Heisenbug

Last updated

In computer programming jargon, a heisenbug is a software bug that seems to disappear or alter its behavior when one attempts to study it. [1] The term is a pun on the name of Werner Heisenberg, the physicist who first asserted the observer effect of quantum mechanics, which states that the act of observing a system inevitably alters its state. In electronics, the traditional term is probe effect, where attaching a test probe to a device changes its behavior.

Contents

Similar terms, such as bohrbug, mandelbug, [2] [3] [4] hindenbug, and schrödinbug [5] [6] (see the section on related terms) have been occasionally proposed for other kinds of unusual software bugs, sometimes in jest. [7] [8]

Examples

Heisenbugs occur because common attempts to debug a program, such as inserting output statements or running it with a debugger, usually have the side-effect of altering the behavior of the program in subtle ways, such as changing the memory addresses of variables and the timing of its execution.

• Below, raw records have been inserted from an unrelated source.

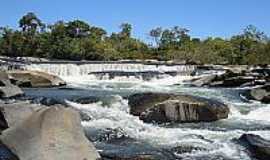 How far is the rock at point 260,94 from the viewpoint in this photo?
22188 mm

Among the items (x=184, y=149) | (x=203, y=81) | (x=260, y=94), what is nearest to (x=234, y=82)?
(x=203, y=81)

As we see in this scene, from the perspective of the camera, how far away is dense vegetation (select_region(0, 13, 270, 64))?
188 feet

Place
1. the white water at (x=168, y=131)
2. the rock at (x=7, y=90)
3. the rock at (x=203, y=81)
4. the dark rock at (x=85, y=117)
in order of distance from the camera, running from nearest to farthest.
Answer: the white water at (x=168, y=131) < the dark rock at (x=85, y=117) < the rock at (x=7, y=90) < the rock at (x=203, y=81)

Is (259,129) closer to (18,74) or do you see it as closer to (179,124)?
(179,124)

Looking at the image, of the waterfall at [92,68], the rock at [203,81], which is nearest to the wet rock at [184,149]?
the rock at [203,81]

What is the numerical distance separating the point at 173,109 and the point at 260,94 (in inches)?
310

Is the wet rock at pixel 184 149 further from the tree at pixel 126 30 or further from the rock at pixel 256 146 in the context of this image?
the tree at pixel 126 30

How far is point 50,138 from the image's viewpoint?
8414mm

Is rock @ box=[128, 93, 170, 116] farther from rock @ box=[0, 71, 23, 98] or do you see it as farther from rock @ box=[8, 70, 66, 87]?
rock @ box=[8, 70, 66, 87]

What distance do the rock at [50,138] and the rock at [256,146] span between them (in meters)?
3.69

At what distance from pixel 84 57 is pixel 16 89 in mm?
40357

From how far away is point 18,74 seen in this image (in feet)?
93.8

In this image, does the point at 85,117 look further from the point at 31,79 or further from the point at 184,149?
the point at 31,79

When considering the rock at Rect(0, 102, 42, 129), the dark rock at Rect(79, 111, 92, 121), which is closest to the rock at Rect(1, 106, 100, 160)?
the rock at Rect(0, 102, 42, 129) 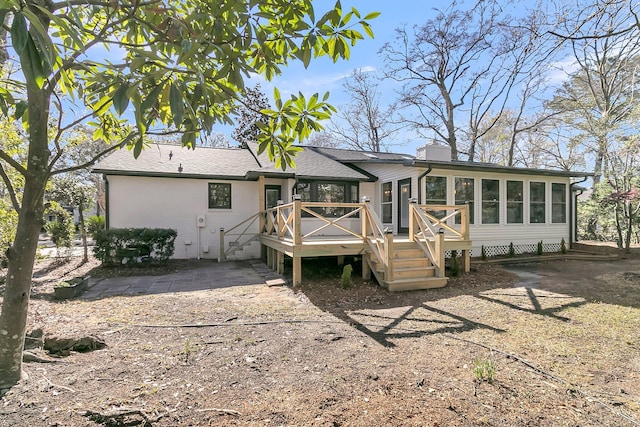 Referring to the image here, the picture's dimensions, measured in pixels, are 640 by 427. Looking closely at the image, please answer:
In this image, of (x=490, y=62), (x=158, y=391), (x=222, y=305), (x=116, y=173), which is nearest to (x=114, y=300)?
(x=222, y=305)

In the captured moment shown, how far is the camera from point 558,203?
1198 centimetres

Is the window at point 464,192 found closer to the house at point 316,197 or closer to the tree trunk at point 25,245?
the house at point 316,197

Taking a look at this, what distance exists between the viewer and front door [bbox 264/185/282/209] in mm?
11211

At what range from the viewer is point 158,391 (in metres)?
2.51

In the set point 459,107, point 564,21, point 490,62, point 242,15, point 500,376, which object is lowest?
point 500,376

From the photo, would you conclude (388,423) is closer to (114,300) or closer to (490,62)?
(114,300)

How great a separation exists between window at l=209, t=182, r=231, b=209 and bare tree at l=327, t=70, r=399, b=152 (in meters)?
15.6

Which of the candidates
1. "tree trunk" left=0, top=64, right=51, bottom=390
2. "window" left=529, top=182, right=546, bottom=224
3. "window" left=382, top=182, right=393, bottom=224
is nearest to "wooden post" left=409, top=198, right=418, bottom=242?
"window" left=382, top=182, right=393, bottom=224

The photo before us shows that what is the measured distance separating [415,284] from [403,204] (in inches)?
169

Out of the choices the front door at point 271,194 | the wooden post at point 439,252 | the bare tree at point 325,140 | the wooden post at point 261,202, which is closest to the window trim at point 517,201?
the wooden post at point 439,252

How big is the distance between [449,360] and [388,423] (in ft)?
4.50

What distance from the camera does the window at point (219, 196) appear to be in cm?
1084

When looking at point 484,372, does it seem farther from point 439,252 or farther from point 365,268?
point 365,268

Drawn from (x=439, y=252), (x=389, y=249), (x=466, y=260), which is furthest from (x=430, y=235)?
(x=389, y=249) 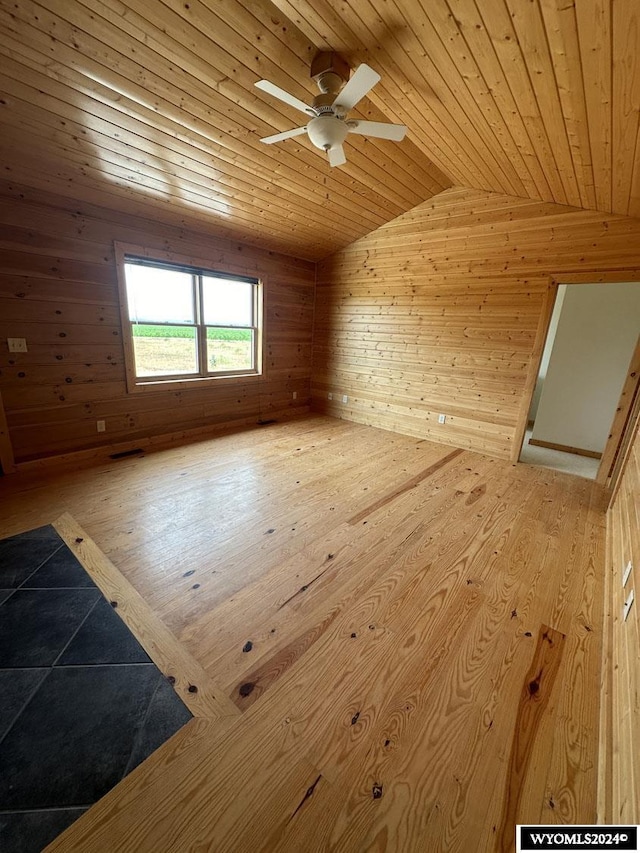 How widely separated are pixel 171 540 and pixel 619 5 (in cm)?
339

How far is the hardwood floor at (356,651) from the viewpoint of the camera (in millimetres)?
982

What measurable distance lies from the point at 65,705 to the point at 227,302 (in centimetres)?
429

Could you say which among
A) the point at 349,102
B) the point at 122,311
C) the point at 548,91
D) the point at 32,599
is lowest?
the point at 32,599

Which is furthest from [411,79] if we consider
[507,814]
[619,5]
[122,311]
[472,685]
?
[507,814]

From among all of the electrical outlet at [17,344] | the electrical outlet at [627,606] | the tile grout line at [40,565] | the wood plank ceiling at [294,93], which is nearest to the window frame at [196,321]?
the wood plank ceiling at [294,93]

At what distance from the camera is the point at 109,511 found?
8.30 feet

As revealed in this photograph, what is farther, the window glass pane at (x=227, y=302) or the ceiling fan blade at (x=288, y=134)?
the window glass pane at (x=227, y=302)

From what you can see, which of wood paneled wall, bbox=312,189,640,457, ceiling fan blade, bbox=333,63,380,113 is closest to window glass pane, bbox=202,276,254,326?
wood paneled wall, bbox=312,189,640,457

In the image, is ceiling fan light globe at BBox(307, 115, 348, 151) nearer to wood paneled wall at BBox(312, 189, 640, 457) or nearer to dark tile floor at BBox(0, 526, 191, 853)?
wood paneled wall at BBox(312, 189, 640, 457)

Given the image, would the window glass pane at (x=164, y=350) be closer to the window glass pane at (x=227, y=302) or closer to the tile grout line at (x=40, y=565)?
the window glass pane at (x=227, y=302)

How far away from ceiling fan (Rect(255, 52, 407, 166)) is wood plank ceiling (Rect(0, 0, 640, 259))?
9cm

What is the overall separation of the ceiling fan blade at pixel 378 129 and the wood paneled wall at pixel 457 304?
234 cm

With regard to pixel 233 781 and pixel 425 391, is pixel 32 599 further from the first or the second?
pixel 425 391

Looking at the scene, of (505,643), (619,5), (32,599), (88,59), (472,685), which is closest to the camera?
(619,5) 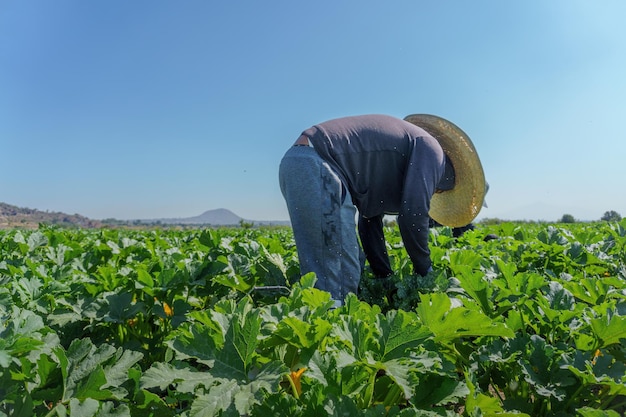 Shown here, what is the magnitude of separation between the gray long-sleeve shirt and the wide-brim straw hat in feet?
1.82

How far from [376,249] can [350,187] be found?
797 millimetres

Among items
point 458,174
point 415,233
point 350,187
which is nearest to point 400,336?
point 415,233

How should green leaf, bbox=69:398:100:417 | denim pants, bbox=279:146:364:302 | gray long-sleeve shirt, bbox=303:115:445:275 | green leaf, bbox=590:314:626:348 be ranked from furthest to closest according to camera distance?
gray long-sleeve shirt, bbox=303:115:445:275, denim pants, bbox=279:146:364:302, green leaf, bbox=590:314:626:348, green leaf, bbox=69:398:100:417

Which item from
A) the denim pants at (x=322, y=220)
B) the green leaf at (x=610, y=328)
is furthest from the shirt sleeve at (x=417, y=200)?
the green leaf at (x=610, y=328)

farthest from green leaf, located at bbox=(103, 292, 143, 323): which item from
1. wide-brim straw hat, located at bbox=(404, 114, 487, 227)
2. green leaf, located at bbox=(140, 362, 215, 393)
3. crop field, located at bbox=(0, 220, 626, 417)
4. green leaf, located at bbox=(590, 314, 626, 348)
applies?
wide-brim straw hat, located at bbox=(404, 114, 487, 227)

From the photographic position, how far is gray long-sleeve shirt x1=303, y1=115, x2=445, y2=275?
321cm

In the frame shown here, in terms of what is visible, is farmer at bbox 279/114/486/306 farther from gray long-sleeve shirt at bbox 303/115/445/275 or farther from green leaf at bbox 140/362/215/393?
green leaf at bbox 140/362/215/393

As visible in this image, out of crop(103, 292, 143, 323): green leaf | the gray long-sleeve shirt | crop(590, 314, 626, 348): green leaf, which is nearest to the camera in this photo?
crop(590, 314, 626, 348): green leaf

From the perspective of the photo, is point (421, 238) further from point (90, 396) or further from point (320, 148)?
point (90, 396)

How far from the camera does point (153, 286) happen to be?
2436mm

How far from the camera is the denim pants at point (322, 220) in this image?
3.04 metres

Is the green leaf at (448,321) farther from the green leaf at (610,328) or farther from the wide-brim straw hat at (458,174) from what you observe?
the wide-brim straw hat at (458,174)

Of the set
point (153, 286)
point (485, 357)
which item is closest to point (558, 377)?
point (485, 357)

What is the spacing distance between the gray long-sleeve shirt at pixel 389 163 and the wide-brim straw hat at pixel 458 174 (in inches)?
21.8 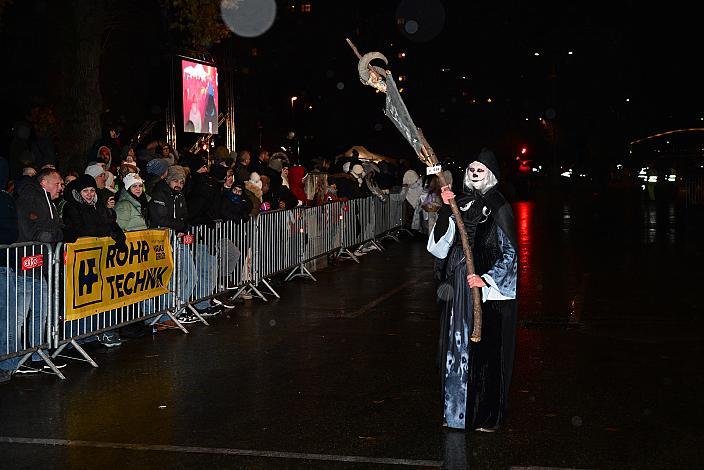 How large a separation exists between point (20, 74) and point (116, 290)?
68.0 ft

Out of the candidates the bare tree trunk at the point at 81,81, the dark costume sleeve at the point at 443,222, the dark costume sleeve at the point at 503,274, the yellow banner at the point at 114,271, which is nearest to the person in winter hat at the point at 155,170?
the yellow banner at the point at 114,271

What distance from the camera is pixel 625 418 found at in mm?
7363

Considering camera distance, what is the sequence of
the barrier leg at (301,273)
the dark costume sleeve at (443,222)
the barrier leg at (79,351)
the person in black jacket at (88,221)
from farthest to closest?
the barrier leg at (301,273) < the person in black jacket at (88,221) < the barrier leg at (79,351) < the dark costume sleeve at (443,222)

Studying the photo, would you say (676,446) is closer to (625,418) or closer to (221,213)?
(625,418)

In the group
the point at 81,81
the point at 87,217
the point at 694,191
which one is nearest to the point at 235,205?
the point at 87,217

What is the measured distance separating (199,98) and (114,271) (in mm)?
14417

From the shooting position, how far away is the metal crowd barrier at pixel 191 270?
890 cm

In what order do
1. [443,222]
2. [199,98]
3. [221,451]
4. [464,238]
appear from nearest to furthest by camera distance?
[221,451] < [464,238] < [443,222] < [199,98]

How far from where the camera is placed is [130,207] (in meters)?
11.2

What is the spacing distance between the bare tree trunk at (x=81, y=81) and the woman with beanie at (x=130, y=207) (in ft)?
22.0

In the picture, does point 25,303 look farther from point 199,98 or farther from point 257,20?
point 257,20

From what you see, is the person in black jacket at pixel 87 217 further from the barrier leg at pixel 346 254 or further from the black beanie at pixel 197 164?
the barrier leg at pixel 346 254

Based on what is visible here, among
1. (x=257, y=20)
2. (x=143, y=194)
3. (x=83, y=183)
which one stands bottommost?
(x=143, y=194)

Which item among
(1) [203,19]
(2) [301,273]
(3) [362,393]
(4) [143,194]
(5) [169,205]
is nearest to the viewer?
(3) [362,393] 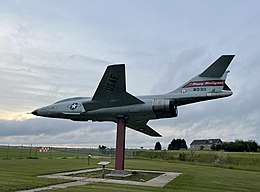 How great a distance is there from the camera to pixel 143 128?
27.1 m

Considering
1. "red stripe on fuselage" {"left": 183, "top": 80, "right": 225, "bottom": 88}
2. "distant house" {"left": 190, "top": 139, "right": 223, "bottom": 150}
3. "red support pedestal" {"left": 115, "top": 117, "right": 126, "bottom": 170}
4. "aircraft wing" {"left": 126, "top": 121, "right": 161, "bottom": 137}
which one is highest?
"distant house" {"left": 190, "top": 139, "right": 223, "bottom": 150}

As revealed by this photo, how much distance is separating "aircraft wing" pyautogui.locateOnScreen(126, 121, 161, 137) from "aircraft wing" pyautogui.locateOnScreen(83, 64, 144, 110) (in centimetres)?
322

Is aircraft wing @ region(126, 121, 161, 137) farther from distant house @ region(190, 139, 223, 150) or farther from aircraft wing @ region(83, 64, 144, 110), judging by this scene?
distant house @ region(190, 139, 223, 150)

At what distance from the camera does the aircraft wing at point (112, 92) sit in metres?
20.1

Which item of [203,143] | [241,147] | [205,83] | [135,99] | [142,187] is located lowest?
[142,187]

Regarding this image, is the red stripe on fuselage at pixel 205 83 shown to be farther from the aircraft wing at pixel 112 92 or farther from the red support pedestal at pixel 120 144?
the red support pedestal at pixel 120 144

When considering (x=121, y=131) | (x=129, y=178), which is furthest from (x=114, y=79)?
(x=129, y=178)

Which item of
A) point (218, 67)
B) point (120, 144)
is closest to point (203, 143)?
point (120, 144)

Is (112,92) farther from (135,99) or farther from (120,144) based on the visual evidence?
(120,144)

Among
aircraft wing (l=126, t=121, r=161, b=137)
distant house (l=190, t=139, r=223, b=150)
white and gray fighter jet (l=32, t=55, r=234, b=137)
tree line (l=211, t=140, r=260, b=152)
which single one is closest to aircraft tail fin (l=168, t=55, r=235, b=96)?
white and gray fighter jet (l=32, t=55, r=234, b=137)

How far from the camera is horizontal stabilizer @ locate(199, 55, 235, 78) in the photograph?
20030 millimetres

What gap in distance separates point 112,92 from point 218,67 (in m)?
6.05

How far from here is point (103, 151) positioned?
6412cm

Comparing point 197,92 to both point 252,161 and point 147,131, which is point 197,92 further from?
point 252,161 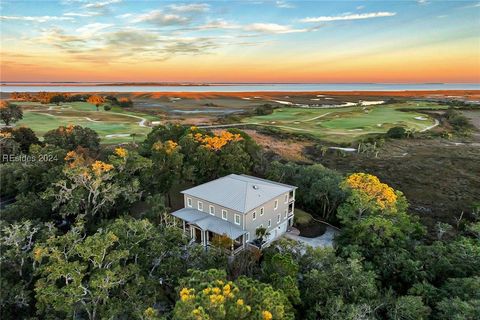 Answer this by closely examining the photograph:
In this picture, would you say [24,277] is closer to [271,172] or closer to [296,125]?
[271,172]

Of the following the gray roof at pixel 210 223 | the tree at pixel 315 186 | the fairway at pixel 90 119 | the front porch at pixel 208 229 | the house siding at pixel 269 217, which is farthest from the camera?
the fairway at pixel 90 119

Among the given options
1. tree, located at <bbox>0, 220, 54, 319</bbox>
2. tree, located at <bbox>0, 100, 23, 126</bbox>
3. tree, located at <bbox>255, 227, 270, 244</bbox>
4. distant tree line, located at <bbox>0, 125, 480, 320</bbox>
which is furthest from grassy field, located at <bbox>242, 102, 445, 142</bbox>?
tree, located at <bbox>0, 220, 54, 319</bbox>

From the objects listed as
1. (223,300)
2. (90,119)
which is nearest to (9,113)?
(90,119)

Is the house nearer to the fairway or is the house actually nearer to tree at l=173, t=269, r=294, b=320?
tree at l=173, t=269, r=294, b=320

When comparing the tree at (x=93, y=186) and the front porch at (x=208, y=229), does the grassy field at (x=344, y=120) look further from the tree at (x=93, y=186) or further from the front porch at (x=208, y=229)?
the tree at (x=93, y=186)

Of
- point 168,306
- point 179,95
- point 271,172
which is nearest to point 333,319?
point 168,306

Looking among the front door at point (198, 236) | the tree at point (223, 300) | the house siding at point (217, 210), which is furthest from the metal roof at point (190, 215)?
the tree at point (223, 300)

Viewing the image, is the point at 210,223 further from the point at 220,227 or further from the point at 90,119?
the point at 90,119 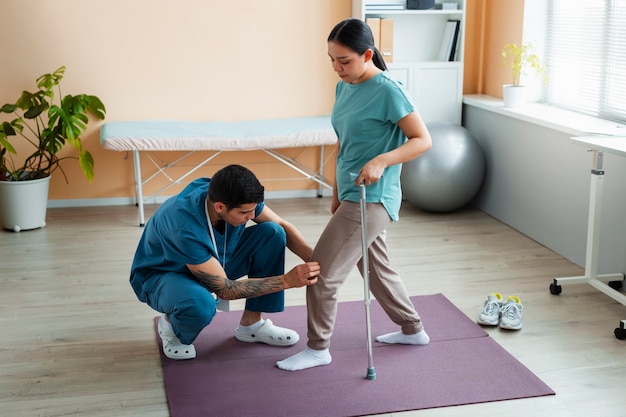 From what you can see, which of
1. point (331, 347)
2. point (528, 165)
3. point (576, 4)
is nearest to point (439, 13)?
point (576, 4)

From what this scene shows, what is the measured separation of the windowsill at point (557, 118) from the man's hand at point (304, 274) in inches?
65.9

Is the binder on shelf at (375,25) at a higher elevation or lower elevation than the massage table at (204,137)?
higher

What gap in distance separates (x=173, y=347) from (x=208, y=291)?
320 mm

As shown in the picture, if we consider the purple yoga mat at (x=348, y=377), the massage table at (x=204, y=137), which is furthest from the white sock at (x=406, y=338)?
the massage table at (x=204, y=137)

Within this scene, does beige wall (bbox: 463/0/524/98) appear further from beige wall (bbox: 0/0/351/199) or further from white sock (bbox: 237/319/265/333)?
white sock (bbox: 237/319/265/333)

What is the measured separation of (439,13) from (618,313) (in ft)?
8.22

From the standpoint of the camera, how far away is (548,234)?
14.5 ft

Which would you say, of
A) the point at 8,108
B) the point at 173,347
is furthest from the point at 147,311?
the point at 8,108

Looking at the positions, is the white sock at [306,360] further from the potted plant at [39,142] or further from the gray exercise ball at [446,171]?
the potted plant at [39,142]

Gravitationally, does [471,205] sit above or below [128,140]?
below

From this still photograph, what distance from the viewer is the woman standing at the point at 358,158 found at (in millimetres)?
2660

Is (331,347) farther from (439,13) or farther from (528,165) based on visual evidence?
(439,13)

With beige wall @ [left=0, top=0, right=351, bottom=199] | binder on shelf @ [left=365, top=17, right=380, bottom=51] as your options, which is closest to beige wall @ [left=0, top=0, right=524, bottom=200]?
beige wall @ [left=0, top=0, right=351, bottom=199]

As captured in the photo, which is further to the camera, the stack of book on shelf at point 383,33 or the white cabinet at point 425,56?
the white cabinet at point 425,56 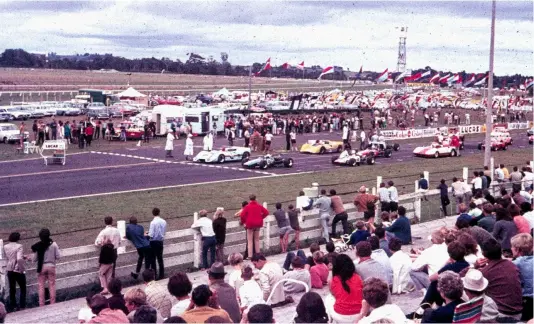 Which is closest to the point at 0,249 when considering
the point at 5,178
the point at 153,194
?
the point at 153,194

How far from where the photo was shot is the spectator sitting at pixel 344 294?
8.88 meters

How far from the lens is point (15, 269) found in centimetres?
1286

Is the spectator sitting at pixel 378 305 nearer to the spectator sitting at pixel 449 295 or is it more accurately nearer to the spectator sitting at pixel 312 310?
the spectator sitting at pixel 449 295

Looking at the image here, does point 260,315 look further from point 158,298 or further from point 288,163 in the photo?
point 288,163

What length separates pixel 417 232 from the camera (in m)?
20.5

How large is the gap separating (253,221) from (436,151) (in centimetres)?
3211

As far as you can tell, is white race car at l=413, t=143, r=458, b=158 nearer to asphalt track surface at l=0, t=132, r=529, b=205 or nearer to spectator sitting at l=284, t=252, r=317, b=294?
asphalt track surface at l=0, t=132, r=529, b=205

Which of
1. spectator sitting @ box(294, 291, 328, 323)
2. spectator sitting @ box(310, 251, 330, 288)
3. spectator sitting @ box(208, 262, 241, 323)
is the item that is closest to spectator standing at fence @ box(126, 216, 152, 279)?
spectator sitting @ box(310, 251, 330, 288)

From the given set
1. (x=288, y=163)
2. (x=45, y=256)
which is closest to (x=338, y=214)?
(x=45, y=256)

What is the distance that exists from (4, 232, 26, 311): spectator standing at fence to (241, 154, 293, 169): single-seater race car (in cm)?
2529

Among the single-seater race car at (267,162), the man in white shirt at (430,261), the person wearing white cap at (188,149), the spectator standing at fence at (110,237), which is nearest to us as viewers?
the man in white shirt at (430,261)

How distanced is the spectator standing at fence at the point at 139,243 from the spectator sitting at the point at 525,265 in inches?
314

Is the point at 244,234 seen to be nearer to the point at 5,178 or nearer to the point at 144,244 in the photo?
the point at 144,244

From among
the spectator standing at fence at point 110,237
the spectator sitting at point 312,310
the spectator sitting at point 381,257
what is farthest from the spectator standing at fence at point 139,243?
the spectator sitting at point 312,310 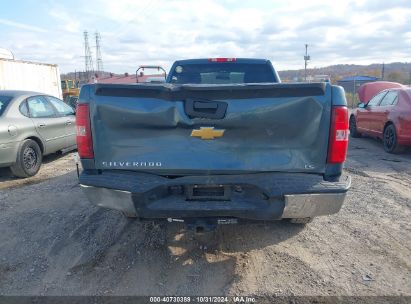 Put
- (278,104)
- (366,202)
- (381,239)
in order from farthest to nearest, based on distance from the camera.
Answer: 1. (366,202)
2. (381,239)
3. (278,104)

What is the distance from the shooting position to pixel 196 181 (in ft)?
10.0

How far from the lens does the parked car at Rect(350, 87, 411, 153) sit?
824cm

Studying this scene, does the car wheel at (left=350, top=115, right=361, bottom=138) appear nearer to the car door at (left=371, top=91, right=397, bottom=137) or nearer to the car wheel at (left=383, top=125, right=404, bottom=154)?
the car door at (left=371, top=91, right=397, bottom=137)

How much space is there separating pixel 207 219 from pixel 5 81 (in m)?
14.8

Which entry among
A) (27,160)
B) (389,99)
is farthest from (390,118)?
(27,160)

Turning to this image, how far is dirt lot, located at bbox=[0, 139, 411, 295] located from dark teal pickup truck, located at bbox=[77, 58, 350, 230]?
2.12ft

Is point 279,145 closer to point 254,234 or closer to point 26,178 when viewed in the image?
point 254,234

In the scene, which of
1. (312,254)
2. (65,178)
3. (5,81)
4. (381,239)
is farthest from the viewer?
(5,81)

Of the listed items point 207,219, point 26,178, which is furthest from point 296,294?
point 26,178

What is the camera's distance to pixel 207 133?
9.95 feet

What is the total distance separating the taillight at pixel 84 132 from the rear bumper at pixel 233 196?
0.89 ft

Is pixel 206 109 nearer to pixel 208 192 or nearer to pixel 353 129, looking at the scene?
pixel 208 192

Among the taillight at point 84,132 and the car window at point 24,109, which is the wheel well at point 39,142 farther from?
the taillight at point 84,132

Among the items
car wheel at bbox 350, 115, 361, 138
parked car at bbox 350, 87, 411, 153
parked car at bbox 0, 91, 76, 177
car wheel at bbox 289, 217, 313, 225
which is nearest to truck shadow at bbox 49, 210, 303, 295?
car wheel at bbox 289, 217, 313, 225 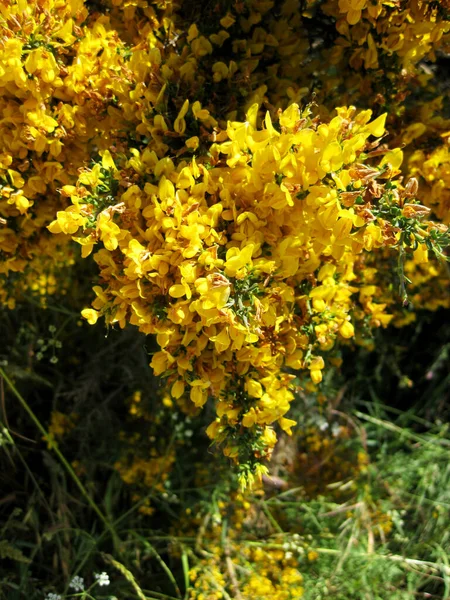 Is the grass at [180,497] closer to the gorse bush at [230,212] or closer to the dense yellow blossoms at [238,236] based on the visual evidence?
the gorse bush at [230,212]

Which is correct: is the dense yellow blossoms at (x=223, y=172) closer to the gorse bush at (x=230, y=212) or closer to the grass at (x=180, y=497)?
the gorse bush at (x=230, y=212)

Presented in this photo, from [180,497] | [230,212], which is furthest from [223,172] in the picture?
[180,497]

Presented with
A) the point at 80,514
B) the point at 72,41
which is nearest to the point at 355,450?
the point at 80,514

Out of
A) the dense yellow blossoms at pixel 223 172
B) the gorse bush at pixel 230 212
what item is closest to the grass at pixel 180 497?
the gorse bush at pixel 230 212

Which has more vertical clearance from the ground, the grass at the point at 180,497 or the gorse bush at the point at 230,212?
the gorse bush at the point at 230,212

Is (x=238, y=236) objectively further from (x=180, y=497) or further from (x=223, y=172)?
(x=180, y=497)

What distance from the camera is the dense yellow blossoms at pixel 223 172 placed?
3.83ft

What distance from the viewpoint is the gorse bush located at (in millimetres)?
1184

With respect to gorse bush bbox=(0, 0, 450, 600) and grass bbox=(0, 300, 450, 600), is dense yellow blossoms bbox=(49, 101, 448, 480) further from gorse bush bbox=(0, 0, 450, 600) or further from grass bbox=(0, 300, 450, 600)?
grass bbox=(0, 300, 450, 600)

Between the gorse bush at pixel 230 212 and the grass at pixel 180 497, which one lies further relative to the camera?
the grass at pixel 180 497

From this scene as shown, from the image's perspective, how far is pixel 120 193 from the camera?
1348 millimetres

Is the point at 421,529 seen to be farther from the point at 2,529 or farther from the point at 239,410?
the point at 2,529

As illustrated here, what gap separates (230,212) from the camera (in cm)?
125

One common example of a heisenbug is a bug that appears when the program is compiled with an optimizing compiler, but not when the same program is compiled without optimization (as is often done for the purpose of examining it with a debugger). While debugging, values that an optimized program would normally keep in registers are often pushed to main memory. This may affect, for instance, the result of floating-point comparisons, since the value in memory may have smaller range and accuracy than the value in the register[ citation needed ]. Similarly, heisenbugs may be caused by side-effects in test expressions used in runtime assertions in languages such as C and C++, where the test expression is not evaluated when assertions are turned off in production code using the NDEBUG macro.

Other common causes of heisenbugs are using the value of a non-initialized variable (which may change its address or initial value during debugging), or following an invalid pointer (which may point to a different place when debugging). Debuggers also commonly allow the use of breakpoints or provide other user interfaces that cause additional source code (such as property accessors) to be executed stealthily, which can, in turn, change the state of the program. [9]

End-Users can experience a heisenbug when the act of making a screenshot of the heisenbug for observation fixes the heisenbug and the screenshot shows a perfectly working state. This effect can happen when complex stacks of software work together, for example a web browser using a hardware graphic card acceleration which causes rendering errors on the physical screen that do not show on a screenshot.

Time can also be a factor in heisenbugs, particularly with multi-threaded applications. Executing a program under control of a debugger can change the execution timing of the program as compared to normal execution. Time-sensitive bugs, such as race conditions, may not occur when the program is slowed down by single-stepping source lines in the debugger. This is particularly true when the behavior involves interaction with an entity not under the control of a debugger, such as when debugging network packet processing between two machines and only one is under debugger control.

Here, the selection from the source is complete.